En la Cataluña de la quema de retratos del Rey y de los escraches a los partidos constitucionalistas, la celebración en Coripe (Sevilla) de la tradición de la Quema del Judas -en la que este año un monigote representando al expresidente Puigdemont fue tiroteado y quemado- centró la campaña electoral. Por lo general, todos los partidos en mayor o menor medida coincidieron en denostar esa tradición señalándola como de «mal gusto» o «inapropiada», si bien fueron las formaciones independentistas las que llevaron el asunto más lejos. Obviando el clamoroso silencio cuando hechos de naturaleza parecida suceden en Cataluña -quema de retratos de Felipe VI, limpieza con lejía tras actos políticos constitucionalistas o monigotes colgados de puentes representando a los partidos no «indepes»…-, el secesionismo no dudó en equiparar lo sucedido en Sevilla con un ataque a Cataluña. Para el directamente aludido, Puigdemont, lo ocurrido «no iba contra una persona», sino contra lo que «representa» el independentismo: «El lazo amarillo y la idea de la república, eso es lo que les molesta». Quim Torra, por su parte, anunciaba el día anterior que se adoptarán medidas legales, un paso, por contra, que desde ERC no ven necesario.

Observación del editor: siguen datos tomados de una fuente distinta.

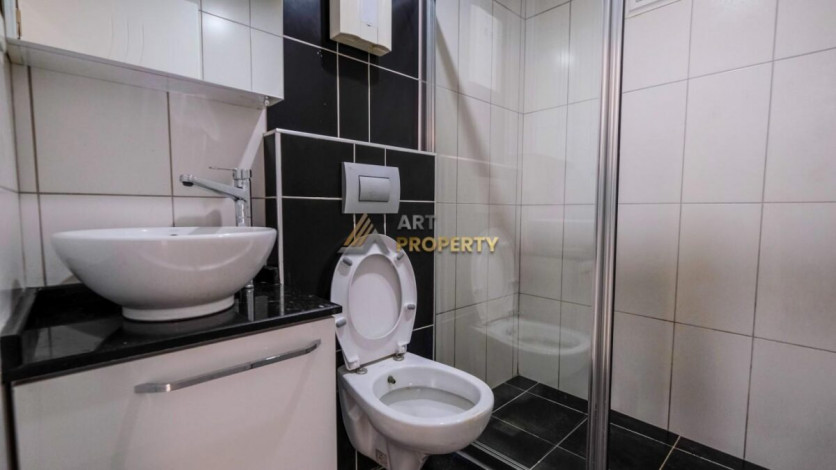 Отличная меблированная квартира планировки 1+1, 48м2 в центральной части города Аланья - Ракурс 11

El candidato republicano Gabriel Rufián sí pidió en cambio «responsabilidades políticas» al PSOE -este partido gobierna en Corite- y se preguntó qué es lo que habría ocurrido si en un pueblo de Cataluña se hubiese hecho lo mismo con una imagen de Pablo Casado (PP) o de Albert Rivera (Cs). Él mismo se respondió: «Seguramente ahora estarían de camino hacia la Audiencia Nacional». Desde ERC se denuncia una «doble vara de medir». «La sede de ERC en L’Hospitalet ha sido atacada 14 veces y no ha salido en ningún telediario», añadió Rufián, que condenó a los partidos constitucionalistas por, según él, atizar la «catalanofobia». Entre el delito y la tradición
La doble vara de medir a la que aludía Rufián es denunciada precisamente desde los partidos no independentistas. «En las fallas se quema a (figuras de) personas y en Cataluña se han hecho cosas muy distintas sin formar parte de la tradición», señaló a Ep la candidata Cayetana Álvarez de Toledo (PP). Carina Mejías (Cs), por su parte, tras calificar de «absolutamente inapropiado» lo sucedido en Coripe, lamentó la «sobreactuación» de Torra y recordó que cuando se atacan sus sedes, por ejemplo, «no hemos visto que el presidente de la Generalitat haya condenado los actos. Pedimos igualdad en todos los casos». Meritxell Batet (PSC), la sede de cuyo partido, al igual que la de Cs, amaneció con pintadas y lanzamiento de pintura amarilla, calificó los hechos de Coripe de «tradición inadecuada». El ministro Borrell habló de «lamentable acto». Obviamente, el alcalde de Coripe, Antonio Pérez Vázquez, tuvo que salir a explicarse, restando importancia a lo sucedido y calificando la fiesta de «sátira». En años anteriores, recordó, se han quemado monigotes de José María Aznar, Iñaki Urdangarín, Rodrigo Rato o de Ana Julia Quezada, la supuesta asesina del niño Gabriel.